Kemudian sejalan jatuhnya pemrintahan Orde baru yang disertai dengan tuntutan Reformasi di segala bidang termasuk hukum dan peradilan, maka para Hakim yang tergabung dalam Ikatan Hakim Indonesia (IKAHI) mendesak pemerintah supaya segera mereformasi lembaga peradilan. Karena kekuasaan Pengadilan yang ada saat itu masih belum bisa dipisahkan dari Eksekutif, oleh karena untuk urusan administrasi dan finansial masih dibawah Menteri Kehakiman yang merupakan pembantu presiden. Perjuangan menjadi kekuasaan yudikatif yang mandiri dibawah Mahkamah agung itu itu berlangsung cukup lama hingga kemudian mengalami perkcmbangan yang cukup mendasar, yakni setelah dikeluarkannya Undang-Undang No. 35 tahun 1999 tcntang Perubahan Atas Undang-Undang No. 4 Tahun 1970 tentang Ketentuan-ketentuan Pokok Kekuasaan Kehakiman. Dari sinilah kemudian ke empat lingkungan badan peradilan dikembalikan menjadi yudikatif dibawah satu atap Mahkamah Agung. Undang-undang itu sendiri kemudian dicabut dengan berlakunya Undang-Undang Nomor 4 tahun 2004 tantang Kekuasaan Kehakiman untuk menyesuaikan dengan adanya amandemen UUD 1945.. Dengan berlakunya Undang-Undang No. 4 Tahun 2004, kembali terjadi perubahan yang mendasar terhadap badan/ lembaga peradilan di Indonesia.

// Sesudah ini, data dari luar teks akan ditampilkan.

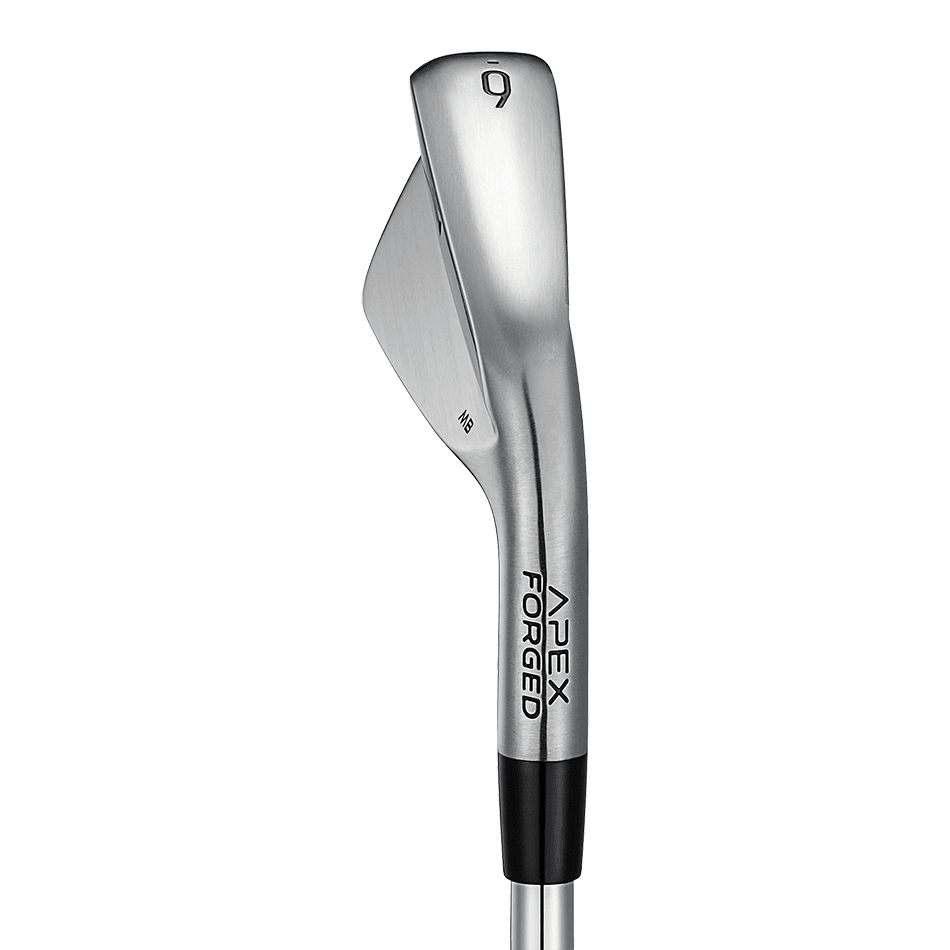 APEX MBアイアン ノーメッキバージョン APEX MBアイアン ノーメッキバージョン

2.3  Kompetensi Peradilan Tata Usaha Negara (Peradilan Administrasi Negara)

Di dalam pustaka hukum, kompetensi peradilan  termasuk Peradilan Tata Usaha Negara dibagi menjadi 2 (dua) macam yaitu :
1.      Kompetensi Absolute
yaitu kewenangan pengadilan dalam memeriksa, mengadili, dan memutus satu jenis perkara tertentu  dan secara mutlak tidak dapat diperiksa oleh badan pengadilan  lain sesuai dengan ketentuan peraturan perundang-undangan yang berlaku. Dalam hal ini kompetensi absolute dari PTUN sesuai dengan ketentuan Pasal 4 UU No. 5/1986 adalah memeriksa, memutus dan menyelesaikan sengketa Keputusan Tata Usaha Negara (KTUN).

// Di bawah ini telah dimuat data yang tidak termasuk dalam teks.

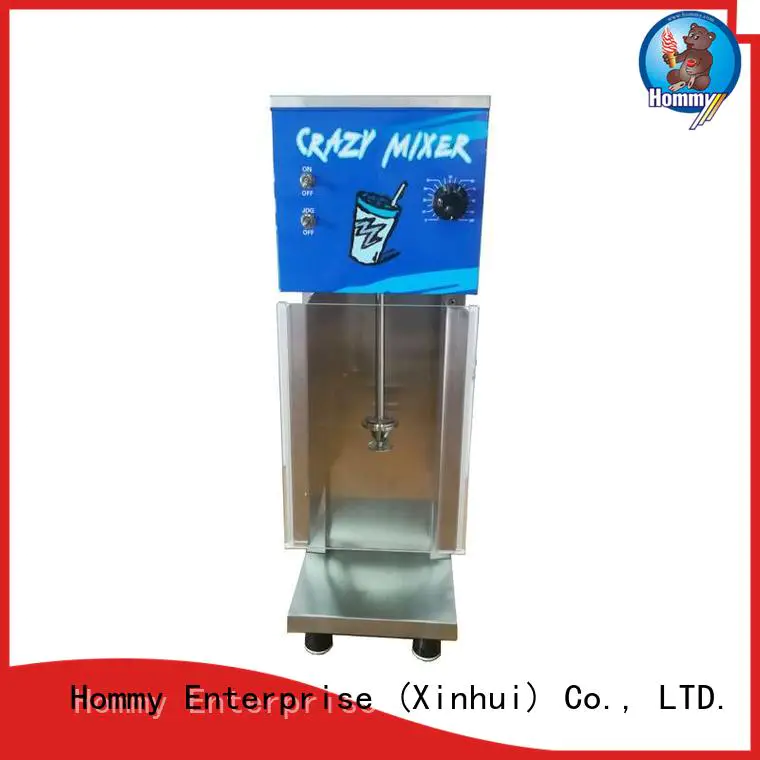favorable price ice cream blender great efficient factory for ice cream stands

2.      Kompetensi relative
yaitu kewenangan mengadili suatu pengadilan dalam satu lingkungan peradilan berkaitan pada yurisdiksi wilayahnya. Kewenangan tersebut terletak di pengadilan manakah yang berwenang untuk memeriksa, memutus dan menyelesaikan perkara tertentu. Sedangkan kompetensi relatif peradilan tata usaha negara diatur dalam pasal 54 ayat 1 s/d 6 UU No. 5 tahun 1986 tentang peradilan tata usaha negara yang menyebutkan :
a.       Gugatan sengketa Keputusan Tata Usaha Negara diajukan kepada pengadilan yang berwenang yang daerah hukumnya meliputi tempat kedudukan tergugat.
Contoh : Bila Penggugat  beralamat di kota Surabaya, sedangkan Tergugat adalah Walikota Semarang , maka menurut ketentuan ayat tersebut, gugatan diajukan di PTUN Semarang, karena Walikota Semarang berkedudukan di daerah hukum PTUN Semarang.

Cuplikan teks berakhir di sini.